Die Fotoarbeit „Nur zum Meer ist es ein wenig weit“ ist die persönliche Dokumentation einer deutschen Aussteigerkommune in Italien. Hier bin ich aufgewachsen. Die Arbeit schlägt eine Brücke zwischen meinen Kindheitserinnerungen und der Gegenwart, zwischen vermeintlicher Objektivität der Fotografie und radikaler Subjektivität spürbar erlebter Momente erinnerter Biografie.
„Utopiaggia“ nannte sich die Gruppe junger Deutscher, die 1982 auf der Suche nach einem alternativen Lebensmodell in Italien ein Stück Land mit drei verfallenden Häusern kaufte, um dort selbstbestimmt und unabhängig gemeinsam zu leben. Hier wollten meine Eltern mit Gleichgesinnten eine Utopie vom besseren Leben für sich und ihre Kinder verwirklichen.
Kommune bedeutete für die jungen Aussteiger*innen in erster Linie Verfügungsgewalt über die eigenen Lebens- und Arbeitsformen und die Gestaltung ihrer eigenen politischen und kulturellen Sphäre in einer überschaubaren Gemeinschaft.
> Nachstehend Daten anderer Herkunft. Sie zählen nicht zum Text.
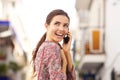 Close up cheerful young woman talking on mobile phone and laughing outside Royalty Free Stock Photo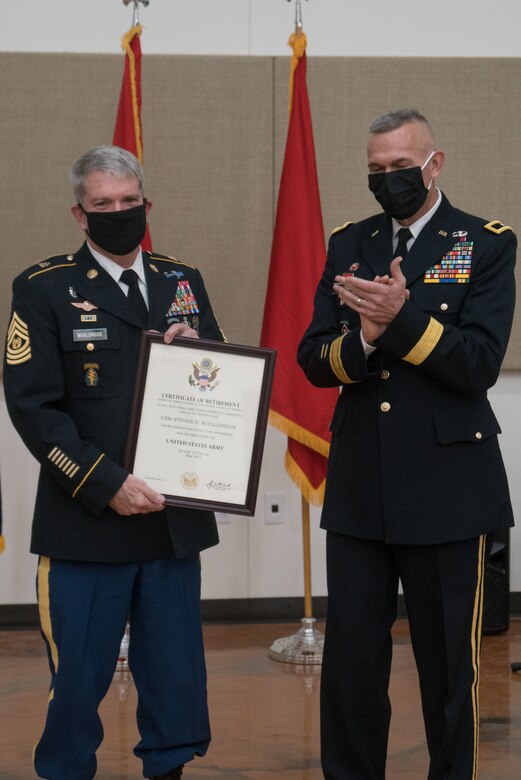 Soldiers pose with certificate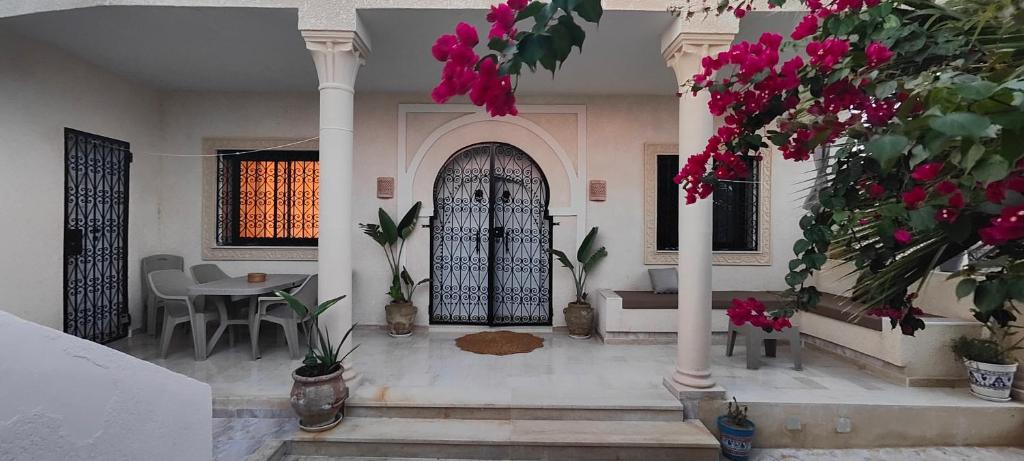 un salon avec une porte d'entrée ornée de fleurs roses dans l'établissement Villa Nour Kélibia, à Kelibia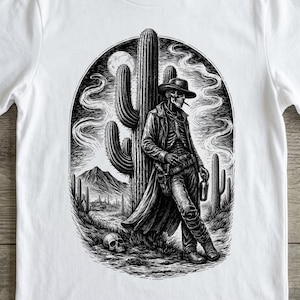 May include: White t-shirt with a black and white illustration of a skeleton cowboy leaning against a cactus. The design includes a desert landscape, a skull, and a smoking skeleton.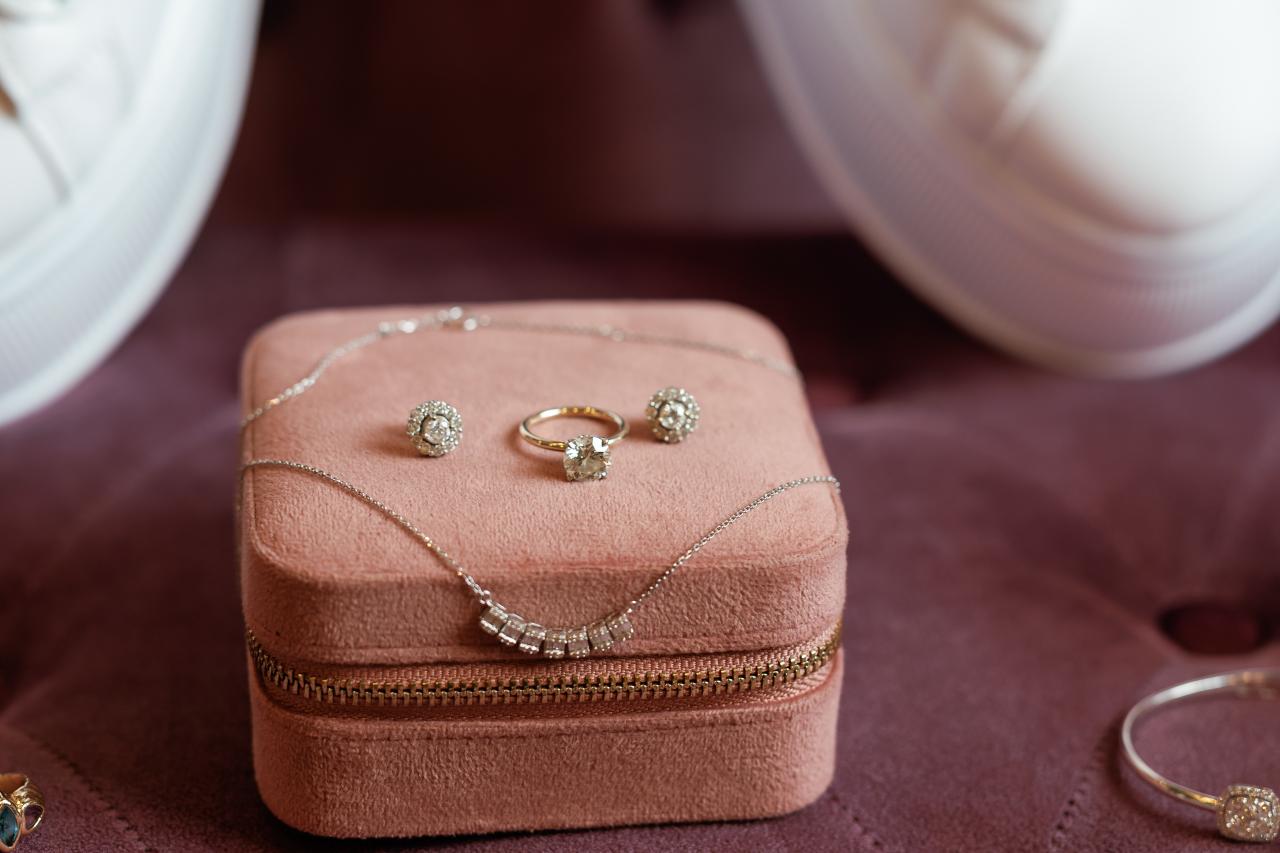 Close-up of several diamond rings on a velvet jewelry box with a necklace chain laid across it. Wedding photography at Riverview Ballroom, Cliffside Park, NJ.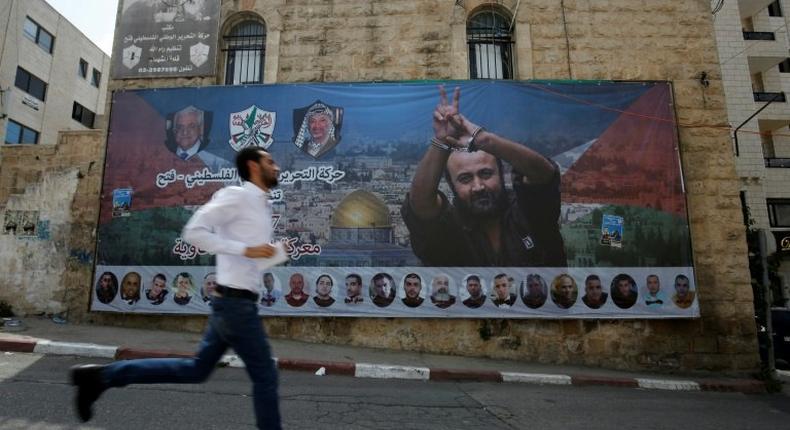 File picture of a man running past a poster of Palestinian hunger-striker and prominent prisoner Marwan Barghouti in the West Bank city of Ramallah on May 3, 2017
Für meine Diplomarbeit ging ich 2015/16 mit der Kamera in Utopiaggia auf die Suche: Was ist von der Utopie von damals geblieben?
Immer mehr entwickelte sich das Projekt zu einer persönlichen Spurensuche nach den Gefühlserinnerungen meiner Kindheit. Mit meinem zweiten Sohn im Tragetuch und der alten Pentax-Mittelformatkamera vor dem Bauch tauchte ich ins Schattenreich des Halb- und Unbewussten ein, indem ich mich – wie eine dort heute noch lebende Mitbgegründerin beschreibt – „halb wie im Traum durch die Schleier, die sich in vielfachen Schichten um das Eigentliche gelegt haben“, vortastete.
Anmerkung der Redaktion: Das Buch zur Diplomarbeit gibt es bisher noch nicht käuflich zu erwerben. Es ist jedoch in Planung und wird über die Webseite der Fotografin erhältlich sein.